2016年末に大手医療情報キュレーションメディア(記事とりまとめサイト)が信頼性に欠ける内容や不適切な記事を掲載していたとしてさまざまなメディア上で問題としてとりあげられました。

インターネット上では、膨大な医療情報が日々発信されていますが、上記メディアだけではなく、信憑性にかける内容が掲載されていることが散見されます。

現状、インターネット上で掲載されている医療情報については「医療機関のホームページを除き」、信頼性のある根拠や専門家の監修がなければならないという規制はかけられておらず、誰でも簡単に医療情報を発信することができる状態となっており、上記のような問題を引き起こした要因ともなっています。


医療機関の情報発信の難しさ

一方で、クリニックなどの医療機関によるインターネット上での情報発信は、2012年に厚生労働省の作成した医療機関ホームページガイドラインによって制限されています。

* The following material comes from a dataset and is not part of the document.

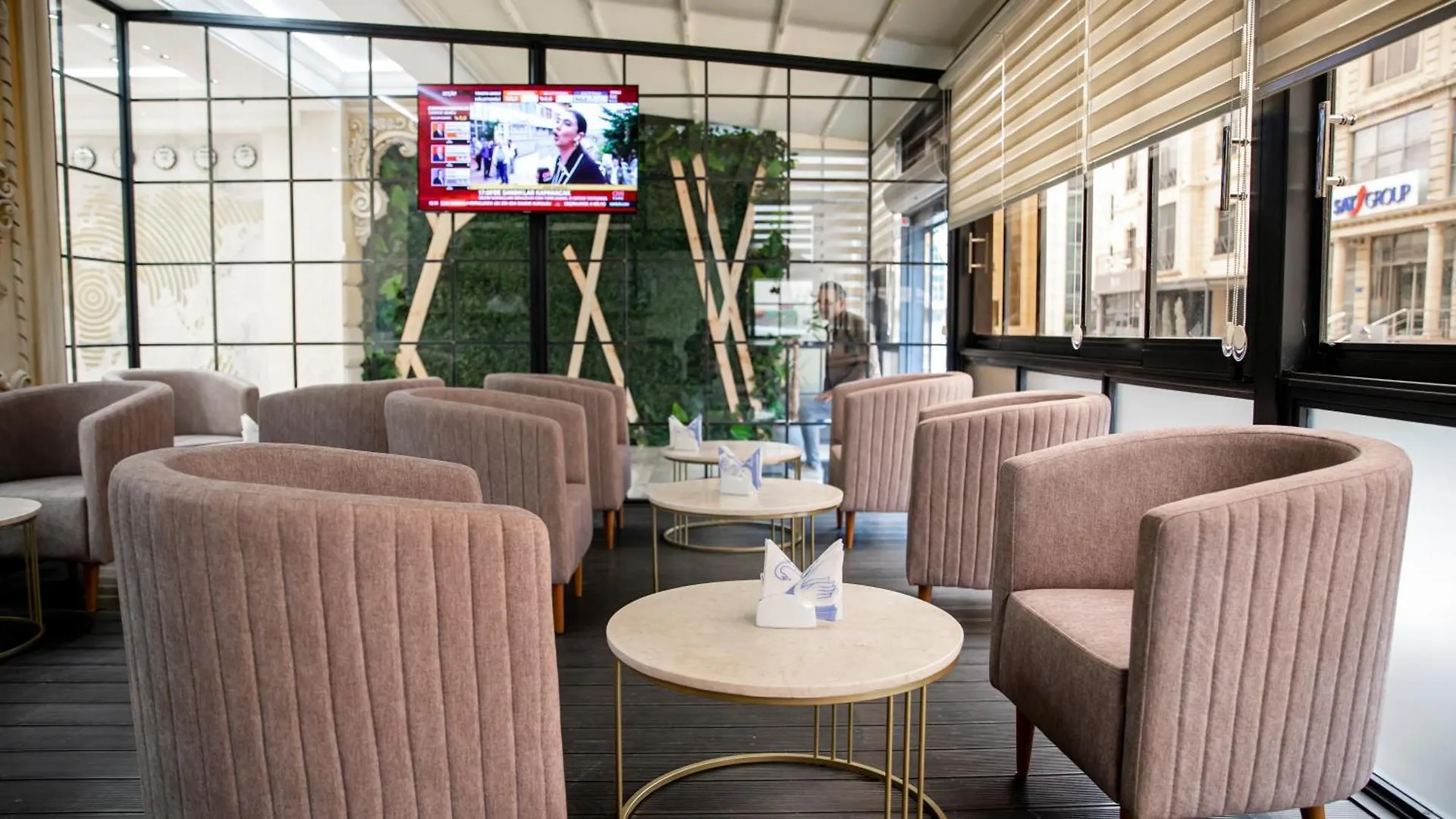 Essam Deluxe Hotel Баку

客観的事実であることを証明することができないものや、手術や処置の有効性を強調するもの、体験談を強調するような情報をホームページに掲載することを規制するものです。

つまり、自院の強みや症例、治療前後のビフォーアフターなどをホームページ上で掲載するなどして、来院を促すことはできないのです。

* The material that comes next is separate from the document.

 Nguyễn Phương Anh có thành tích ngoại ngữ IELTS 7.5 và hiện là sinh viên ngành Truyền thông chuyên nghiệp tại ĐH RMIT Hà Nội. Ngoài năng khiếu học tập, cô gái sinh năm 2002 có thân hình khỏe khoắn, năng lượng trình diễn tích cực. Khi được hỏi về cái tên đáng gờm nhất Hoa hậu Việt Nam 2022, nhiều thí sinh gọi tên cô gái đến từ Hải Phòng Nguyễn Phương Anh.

また、2016年8月に厚生労働省は医療機関のホームページについて、新たな規制内容を明確化し、ネットパトロールによる監視体制を構築、規制遵守を徹底していく方向性である旨を発表しています。


インターネット上で氾濫する医療情報

こうしたなかで、規制の動きは加速化し、医療機関の情報発信はますます困難となっていくとみられます。

さらに、一連の騒動を踏まえ、治療を受ける患者側も医療情報に関するリテラシーを高め、医療機関がそれぞれの患者から求められる医療サービスレベルも高まるとともに、医療機関としての信頼を得られずらくなっていくことでしょう。

続いてのページからは改めて現状の医療機関ホームページガイドラインにて規制されている内容をみてみましょう。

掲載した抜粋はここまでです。